Assume the claim is true, which means, $6\cdot10^6\cdot1.1^{n-1}+3\cdot10^6>\dfrac{3\cdot10^6}{1.21}\cdot1.21^n+7\cdot10^6$ $6\cdot1.1^{n-1}+3>\dfrac{3}{1.1^2}\cdot1.1^{2n}+7$ $0 > 3(1.1^{n-1})^2 - 6(1.1^{n-1}) + 4$

Now we need to show the RHS is greater than zero to get the contradiction and there are two ways in doing so.

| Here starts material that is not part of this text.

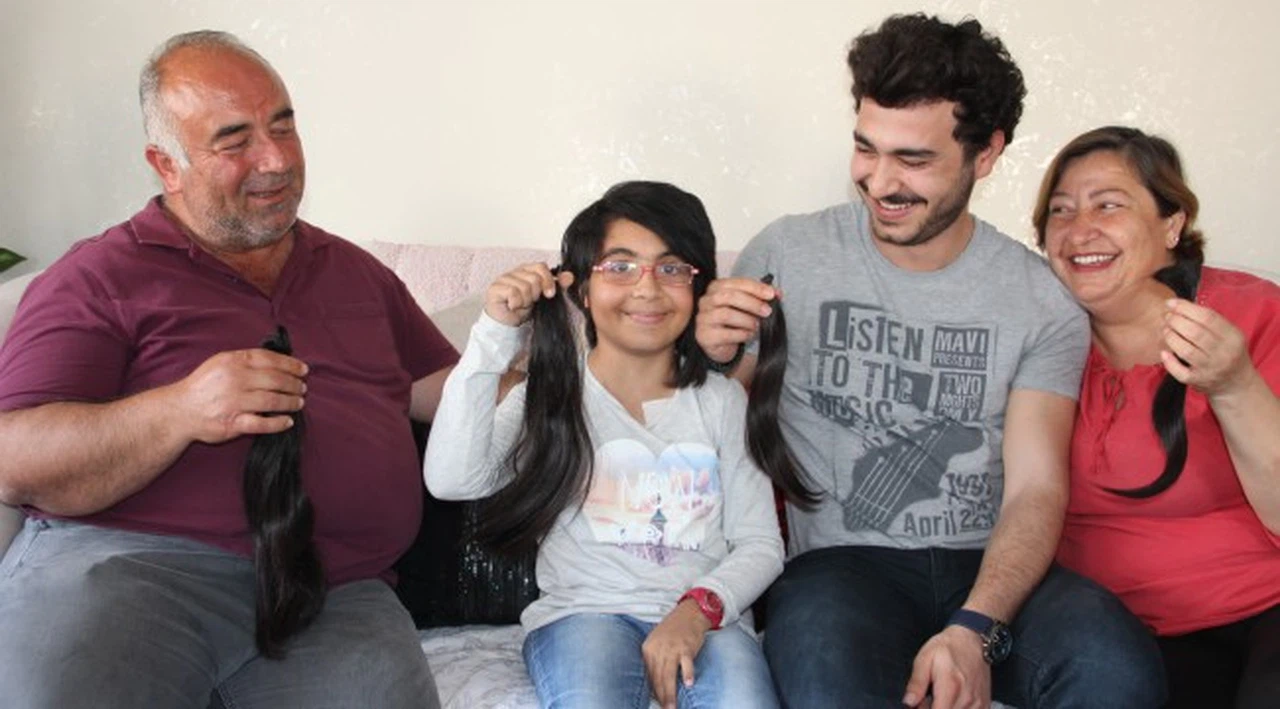 Kendisi küçük yüreği büyük Kader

Method 1 (Using Determinant) $\Delta = 6^2-4(3)(4)=36-48=-12$

and since the leading coefficient of $3(1.1^{n-1})^2 - 6(1.1^{n-1}) + 4$ is positive, therefore $3(1.1^{n-1})^2 - 6(1.1^{n-1}) + 4 > 0$

Therefore contradiction and the claim is false.

Method 2 (Using Completing the Square) $3(1.1^{n-1})^2 - 6(1.1^{n-1}) + 4$ $=3((1.1^{n-1})^2-2(1.1^{n-1}))+4$ $=3((1.1^{n-1})^2-2(1.1^{n-1})+1-1)+4$ $= 3(1.1^{n-1}-1)^2+1 > 0$

Again, contradiction, hence the claim is false.